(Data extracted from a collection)
=== Begin Enclosure ===

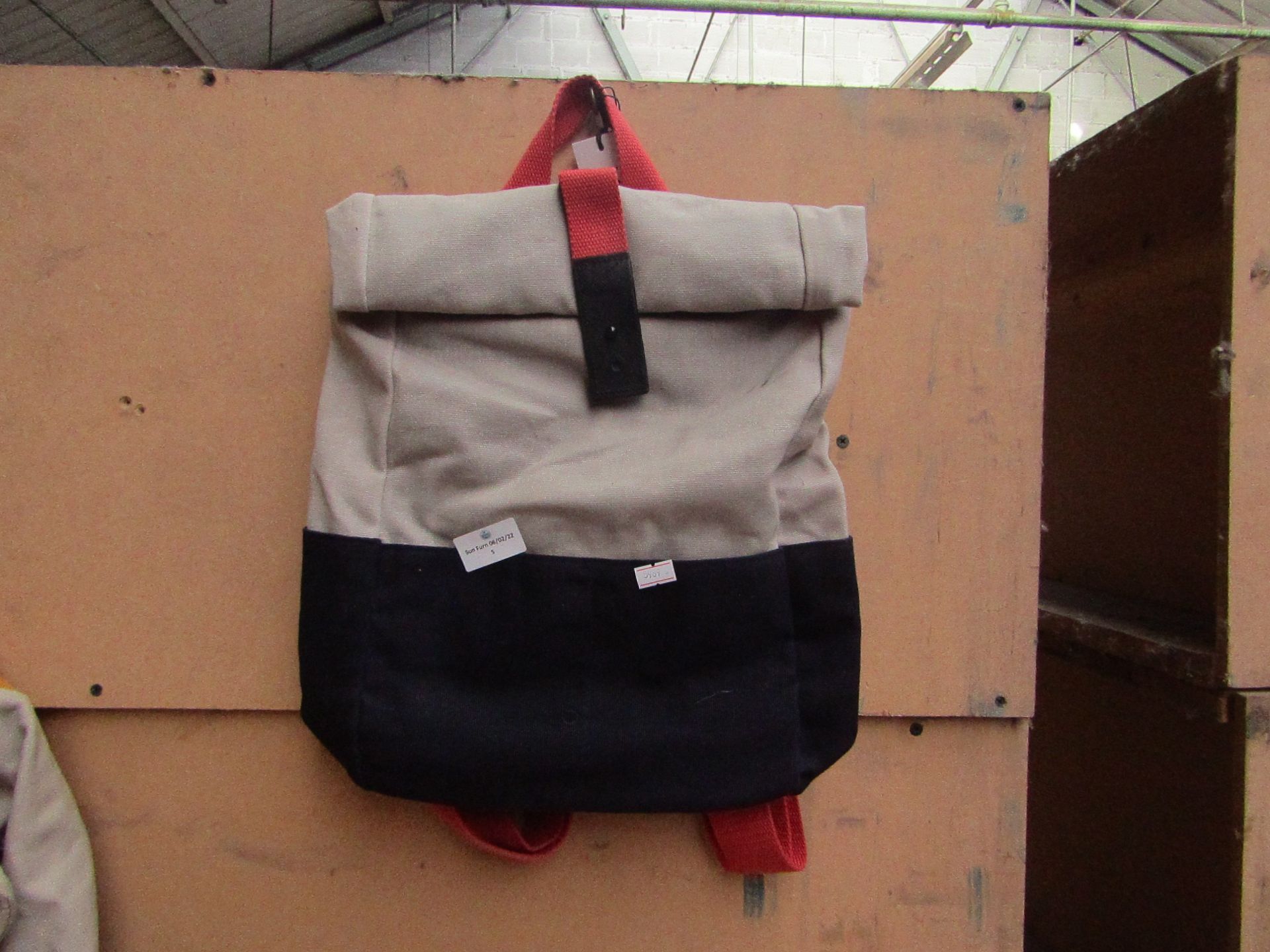 1 x Made.com Lismore Waxed Canvas Mini Backpack Stone & Navy with Brick Straps RRP £59 SKU MAD-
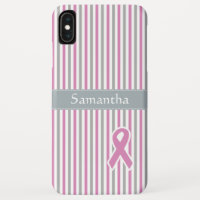 Pink & Silver Stripes custom monogram cases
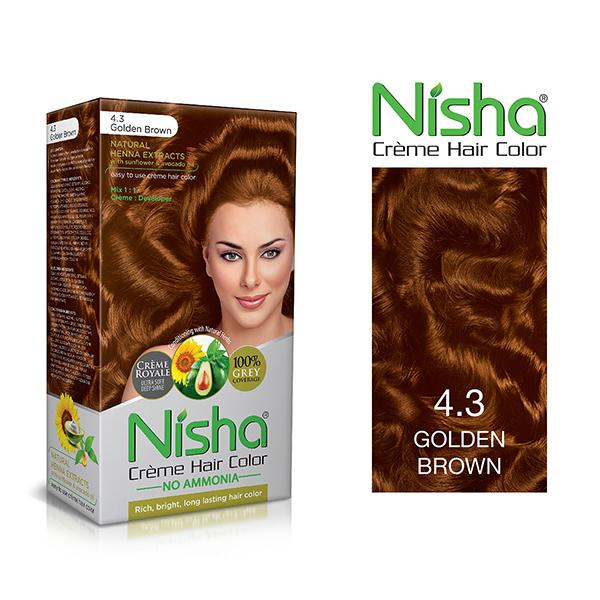 Nisha Creme Hair Color - 4.3 Golden Brown 60 gm - Crème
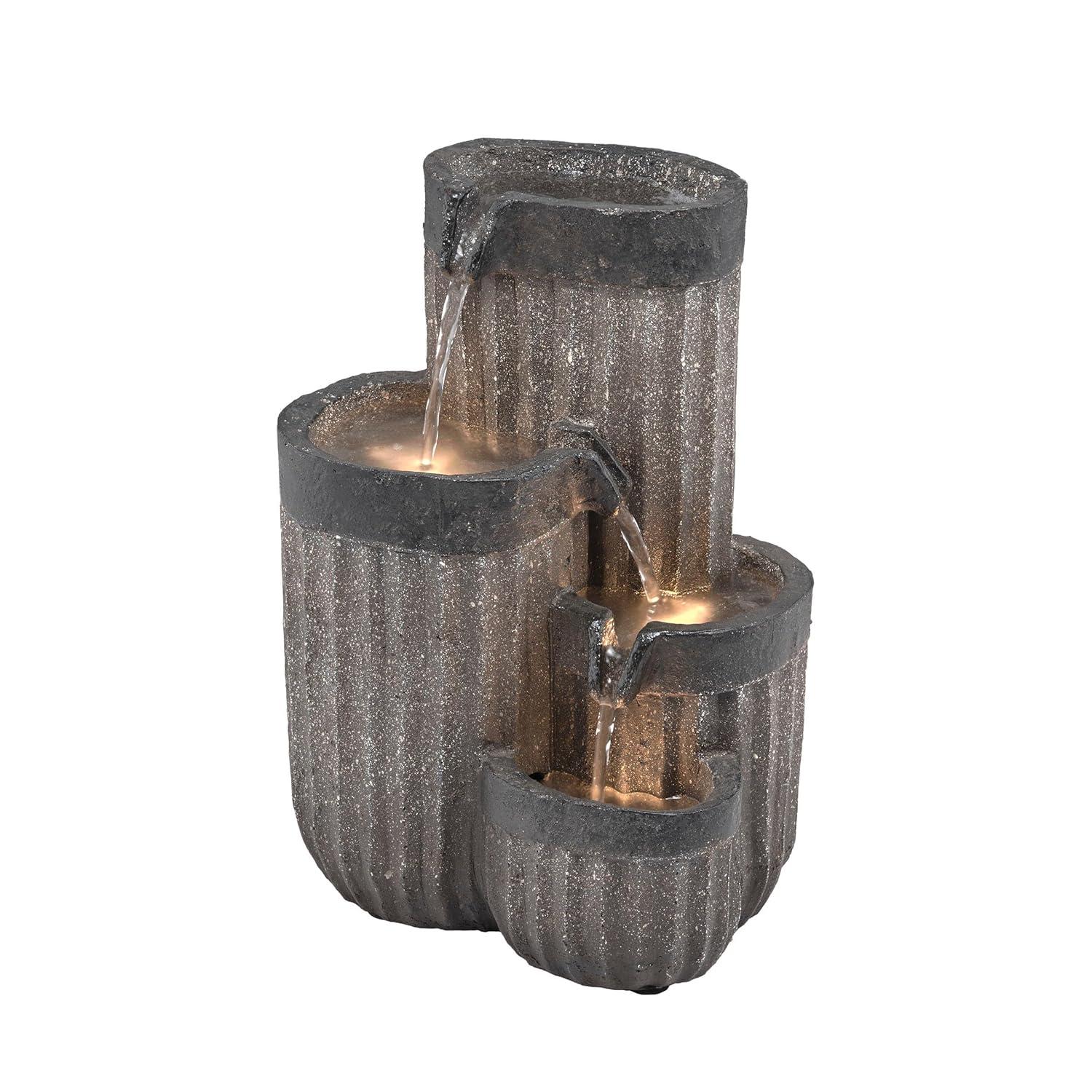 14" Resin Cascading Pillar Tabletop Fountain with LED Lights Gray - Alpine Corporation: Durable, Weatherproof Design, No Assembly Required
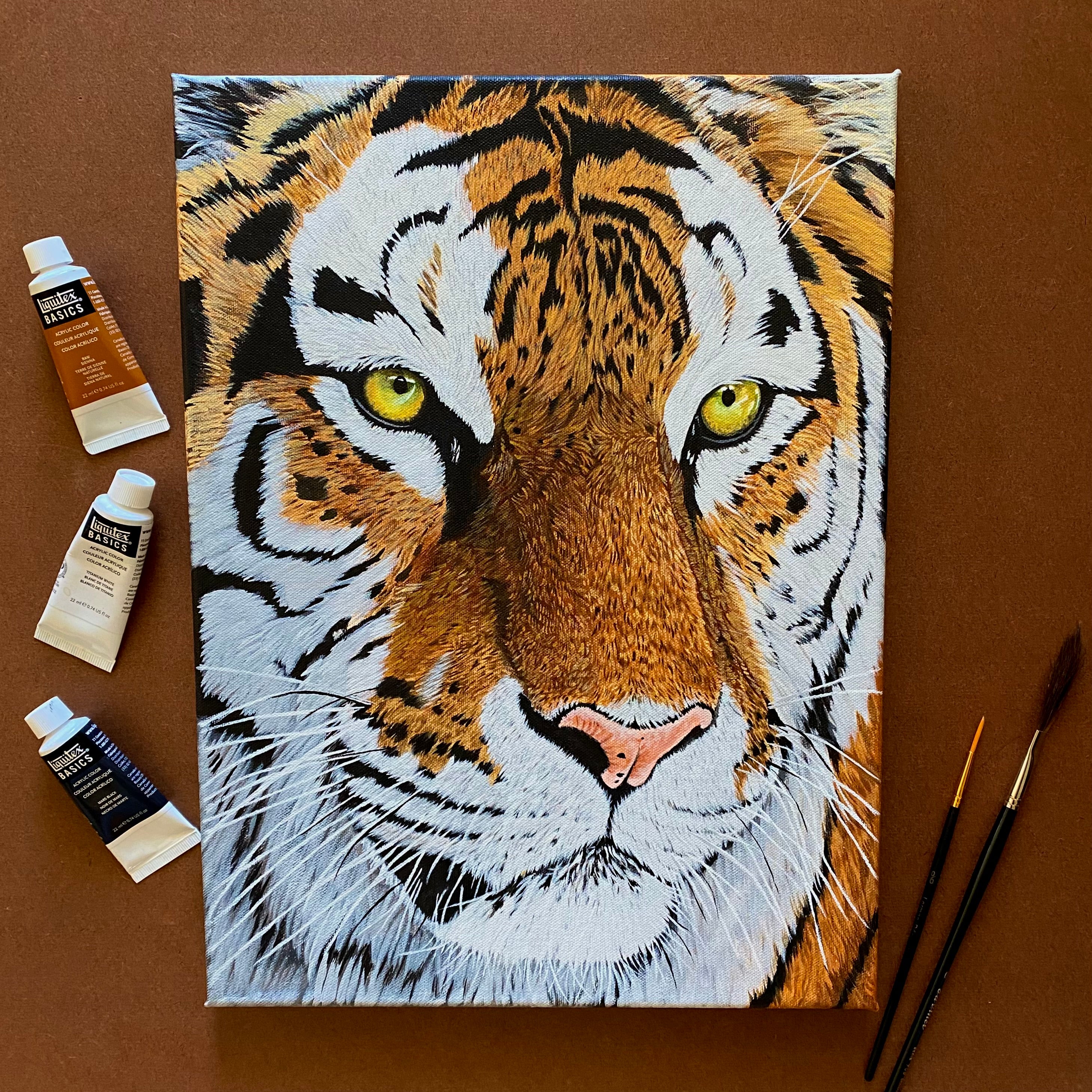 Acrylic Painting of a Tiger by Silverline Fine Art
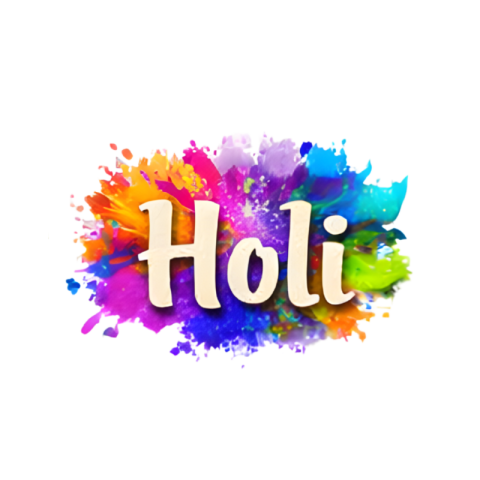 Holi Color Splash Typography Festival Design PNG IMAGE FREE DOWNLOAD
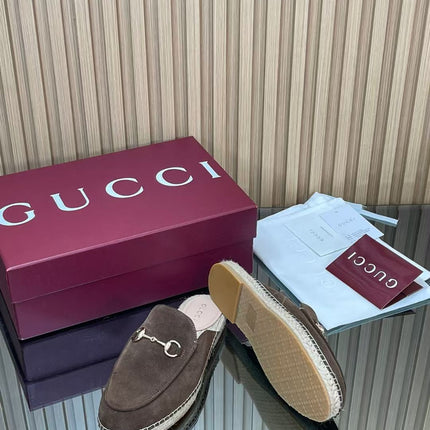 GUCCI 26S LOAFER MULES IN DARK BROWN SUEDE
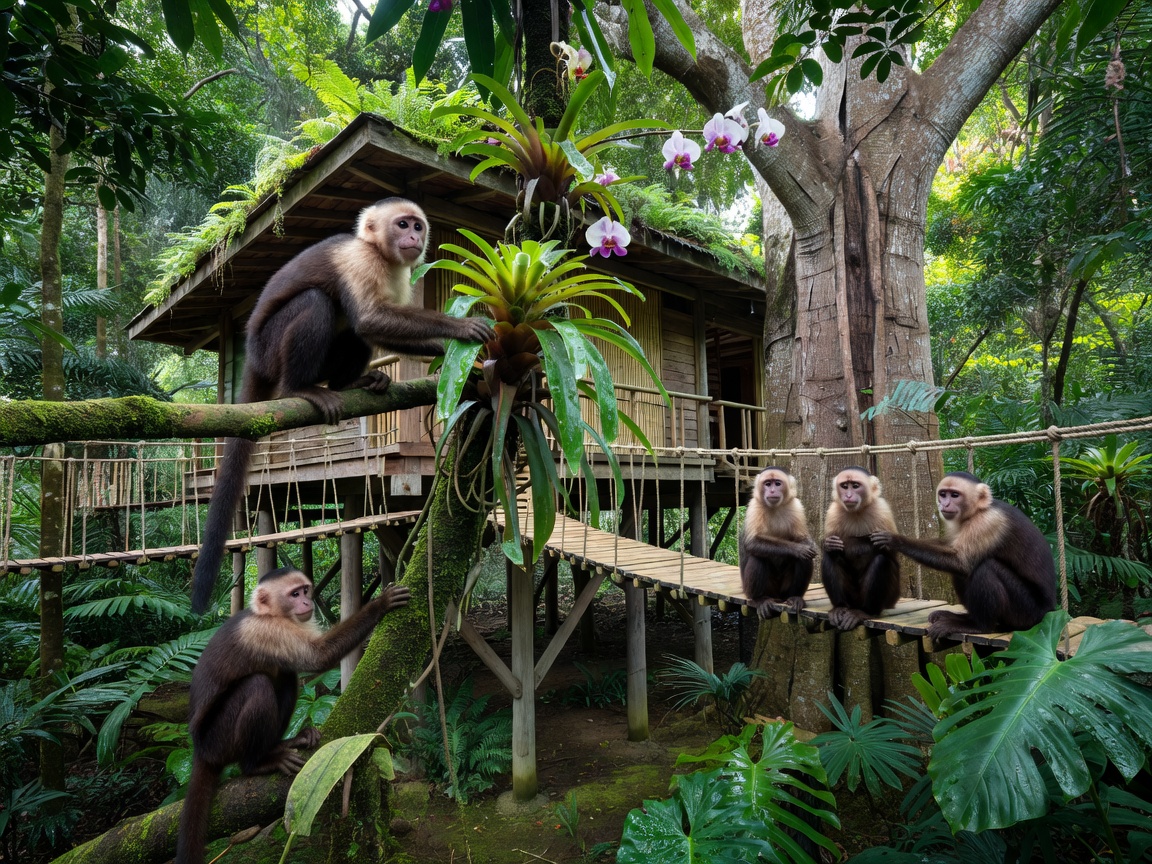 Curious monkeys peacefully interacting with their natural habitat around elevated eco architecture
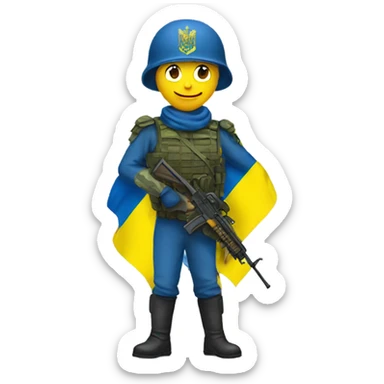 Soldat with flag Ukraine sticker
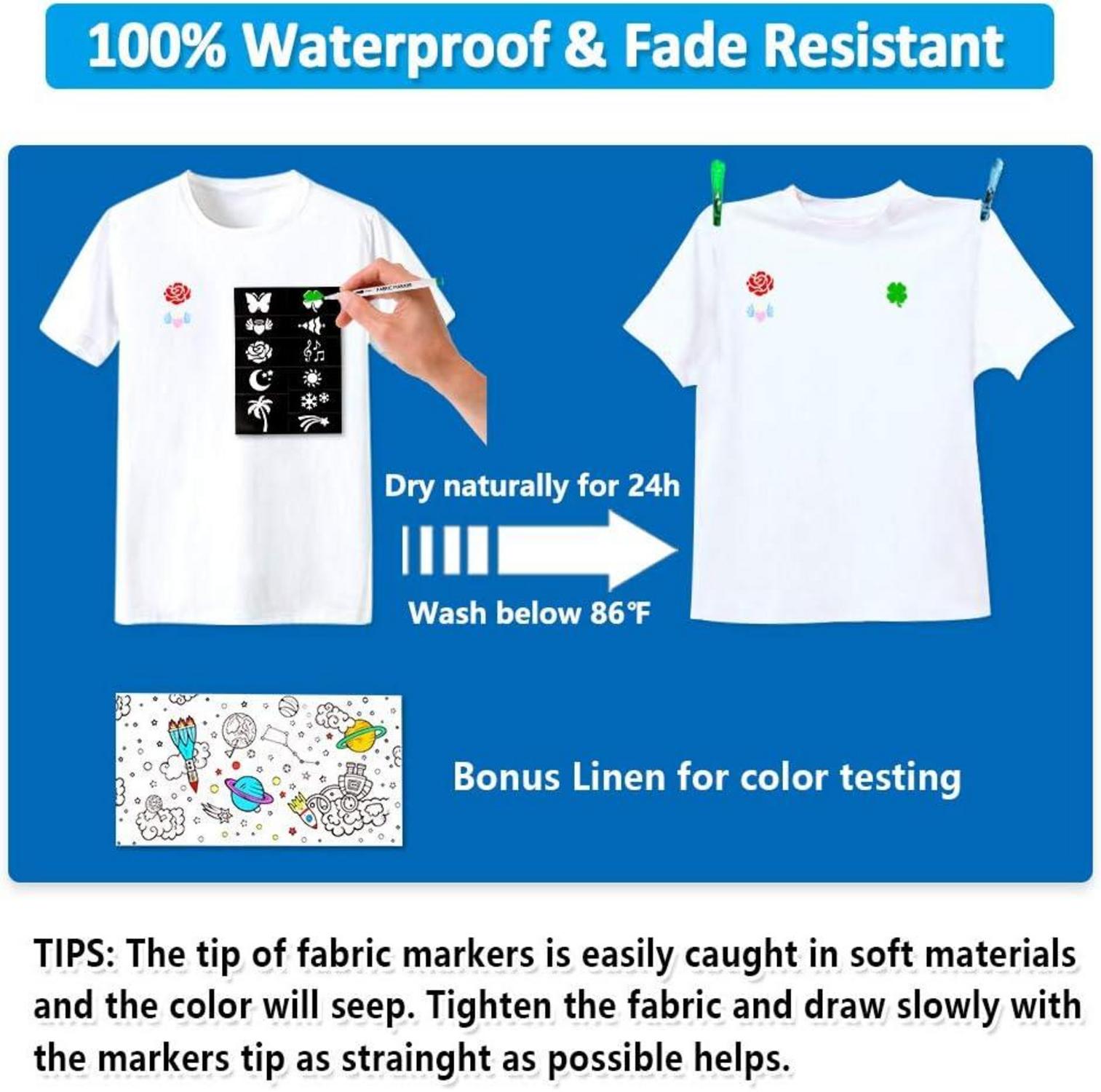 36 farbige Textilstifte, waschmaschinenfestes Set mit Vorlagen & Leinwand, Textilmarker für T-Shirts, Beutel, Kleidung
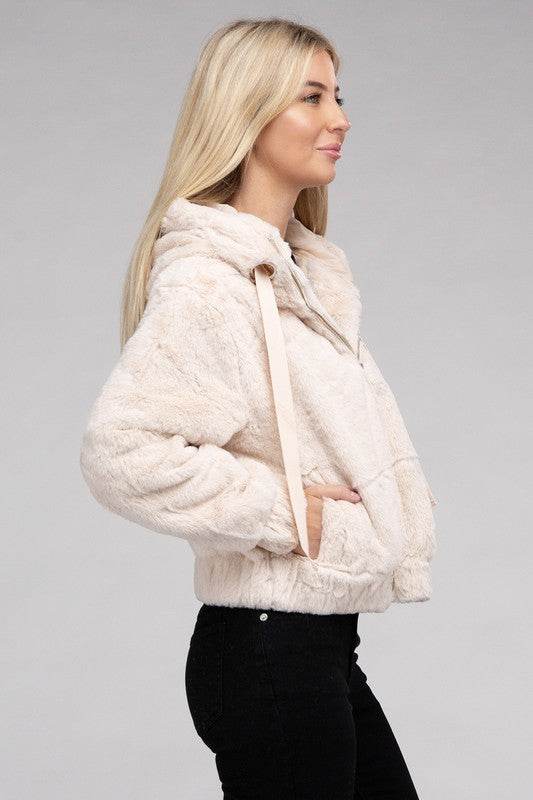 Ambiance Fluffy Zip-Up Teddy Sweater Hoodie - Rosa Apparel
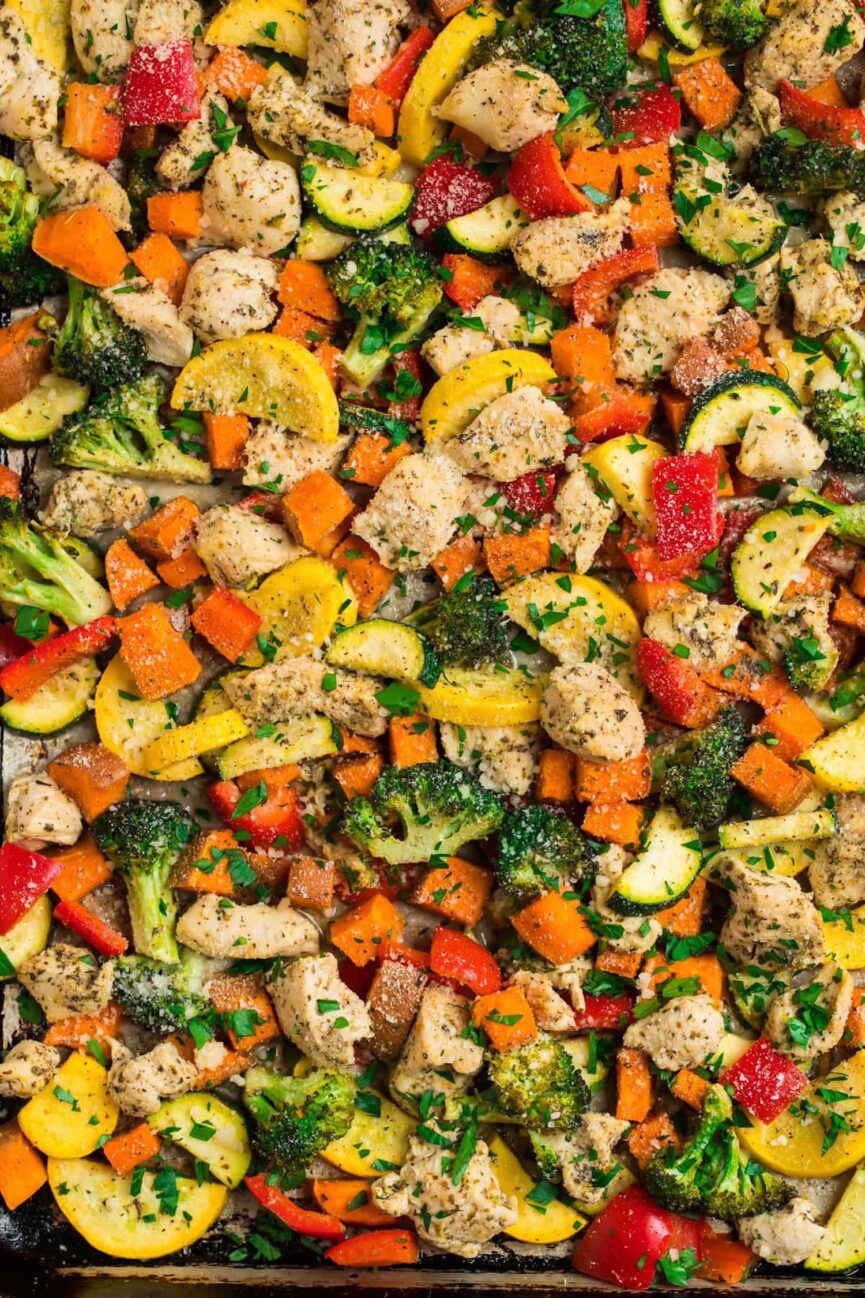 Sheet Pan Chicken with Rainbow Vegetables from Erin's Carefully Plated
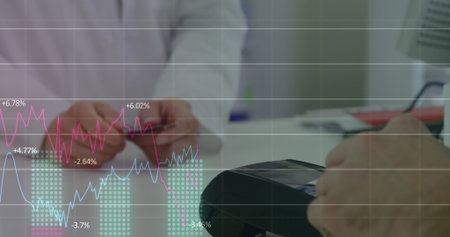 Image of financial data processing over person paying with credit card in pharmacy in the...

=== End Enclosure ===

## [Brief]
Write out exactly the lines from the one containing "Soldat with flag Ukraine sticker" to the last line of the records above, both included, and leave out any pictures.

## [Solution below]
 Soldat with flag Ukraine sticker
 36 farbige Textilstifte, waschmaschinenfestes Set mit Vorlagen & Leinwand, Textilmarker für T-Shirts, Beutel, Kleidung
 Ambiance Fluffy Zip-Up Teddy Sweater Hoodie - Rosa Apparel
 Sheet Pan Chicken with Rainbow Vegetables from Erin's Carefully Plated
 Image of financial data processing over person paying with credit card in pharmacy in the...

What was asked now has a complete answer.